Esistono molti testi che provano a insegnare segreti e tecniche per essere ottimi oratori, tuttavia l’unico vero segreto è quello tipico di ogni abilità che abbiamo imparato nella nostra vita da quando siamo nati a oggi: provarci continuamente e sbagliare. Il circolo vizioso si innesca quando la paura del public speaking ci fa evitare il più possibile la situazione che ci spaventa, evitando di trovarci davanti al pubblico, talvolta fuggendo dall’eventualità che possa accadere. Molto spesso chi ha il terrore di trovarsi a parlare davanti a un pubblico non lo ha mai fatto, sembra incredibile, eppure spesso ci autolimitiamo ancora prima di scoprire le nostre abilità.

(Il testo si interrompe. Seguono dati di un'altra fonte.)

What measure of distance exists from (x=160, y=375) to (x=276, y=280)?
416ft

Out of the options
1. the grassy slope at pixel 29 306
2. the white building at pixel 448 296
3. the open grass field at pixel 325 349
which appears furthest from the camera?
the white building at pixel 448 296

Per innescare un circolo virtuoso è necessario mettersi in difficoltà, cercando occasioni per superare le nostre paure, evitando di mettersi troppo a rischio. Forse prima di azzardare un intervento davanti al board aziendale, possiamo metterci alla prova con gli amici, in una riunione condominiale o anche alla riunione di classe di un figlio. Insomma, è necessario lavorarci, anche perché man mano che la nostra professionalità cresce, saper parlare in pubblico diventa una competenza che viene data per scontata. Un amministratore delegato deve saper guidare un’azienda e avere tante competenze di coordinamento e e gestionali, ivi compresa la capacità di parlare in pubblico. Mi capita spesso, infatti, di sentire collaboratori stupiti della scadente qualità del public speaking di non pochi top manager.
Parlare in pubblico è una competenza trasversale alle diverse mansioni e attività lavorative e, in un mondo iperconnesso come quello in cui viviamo, è davvero difficile non si presenti mai nella quotidianità lavorativa delle persone. Saper comunicare ad altre persone in modo efficace diviene la marcia in più per avere maggiori possibilità di crescita personale. Spesso in aula, affrontando questi temi con i manager, chiedo quante volte si preparano prima di un intervento o di uno speech importante. È raro che qualcuno abbia provato il proprio discorso più di una volta (molto spesso nemmeno quell’unica volta). Essere limitati da noi stessi credo sia la forma di autolesionismo maggiormente praticata da ognuno di noi, anche se poi cerchiamo alibi esterni (“voglio lasciare spazio anche agli altri”, “la prossima volta mi offro io”, “alla fine è meglio se conduce lei/lui”,…).
Umanamente le paure ci bloccano fisicamente e mentalmente, la buona notizia è che le persone maggiormente abilitate a sbloccare i nostri freni e le nostre convinzioni limitanti siamo proprio noi stessi. Occorre conoscersi, darsi obiettivi e lavorare passo dopo passo per crescere ed essere soddisfatti di sé.